I think the issue is that the donors and their families are being misled to believe their body parts won’t be sold at a profit, that it’s charity. If you donate a valuable possession to a charity in the belief it’s a nonprofit, and then they turn around and sell it at a profit, you’d be rightly ticked. This is that to the nth degree.
Yes, I think that’s half the problem. The other closely related half is that a profit model for body parts caters to those with means, not those in need, which is probably not what most donors had in mind when they signed up to be donors. These “body-part brokers” are receiving a free resource from the donors and giving it only to those who can pay, with the inevitable result that those who can pay the most will determine the price.
If they’re making one red cent over costs then that fact should be clearly disclosed to the donors. Stealing charity for profit is not okay. In fact, it’s fraud.

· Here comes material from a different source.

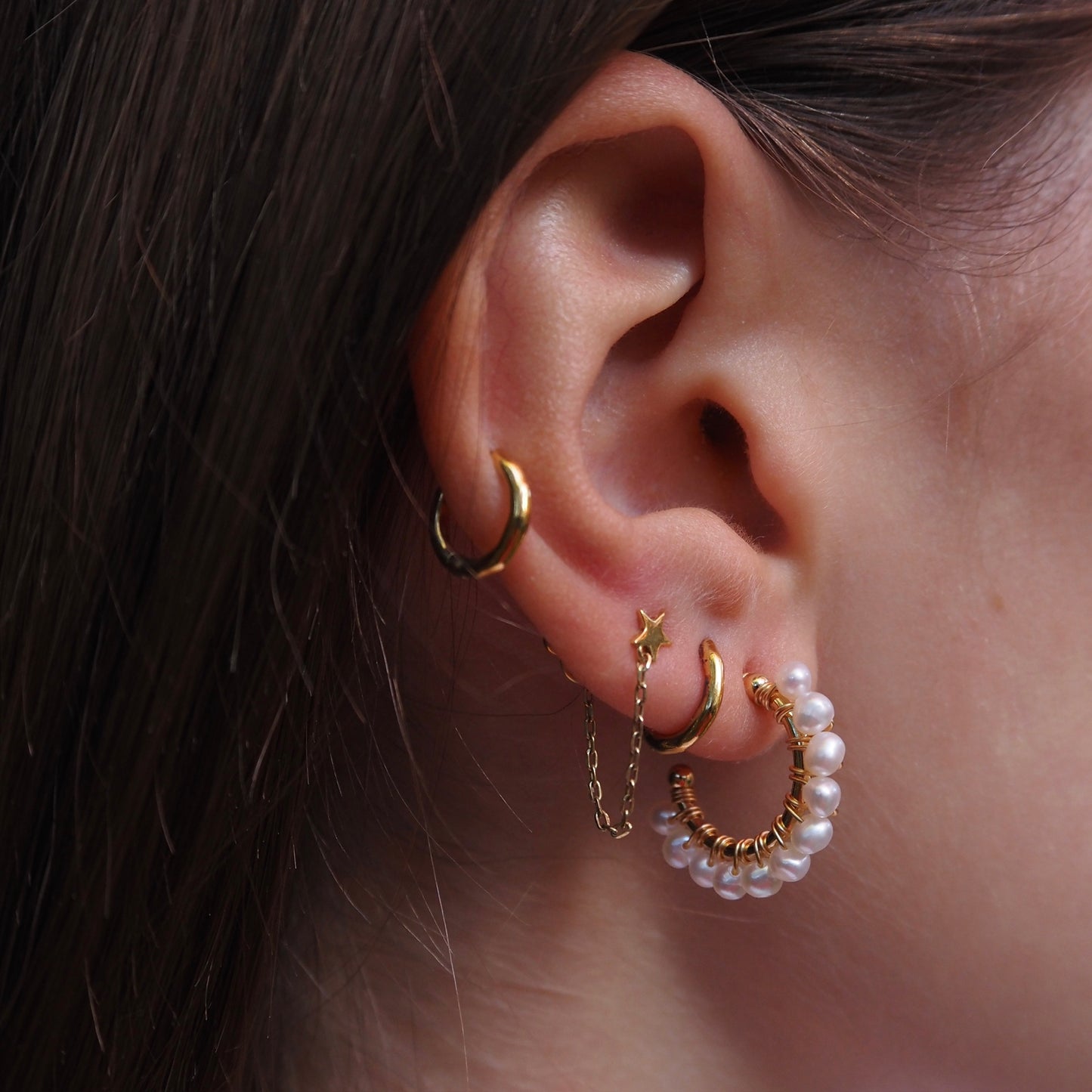 Freshwater Pearl Mini Hoop Beaded Earrings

If that was their intent that would be one thing, but people who donate their deceased bodies are generally not doing it to make money, and these companies are taking sick and blatant advantage of that to harvest a free source for their own profit.
In which case it ceases to be a “donation” and becomes a “sale.”
Bingo. Which is why this is fraud. IANAL, but I honestly don’t understand how these creeps haven’t been sued out of business. Granted most of their victims don’t have the financial resources to sue, but not everyone who donates their body to science is poor, and some are probably quite well off and high profile individuals. You’d think their families could generate the political outrage for regulating this industry.
That’s my thinking. Not everything has to be monetized.
If they were a non-profit cover costs it would be fine. But they’re profiting off charity.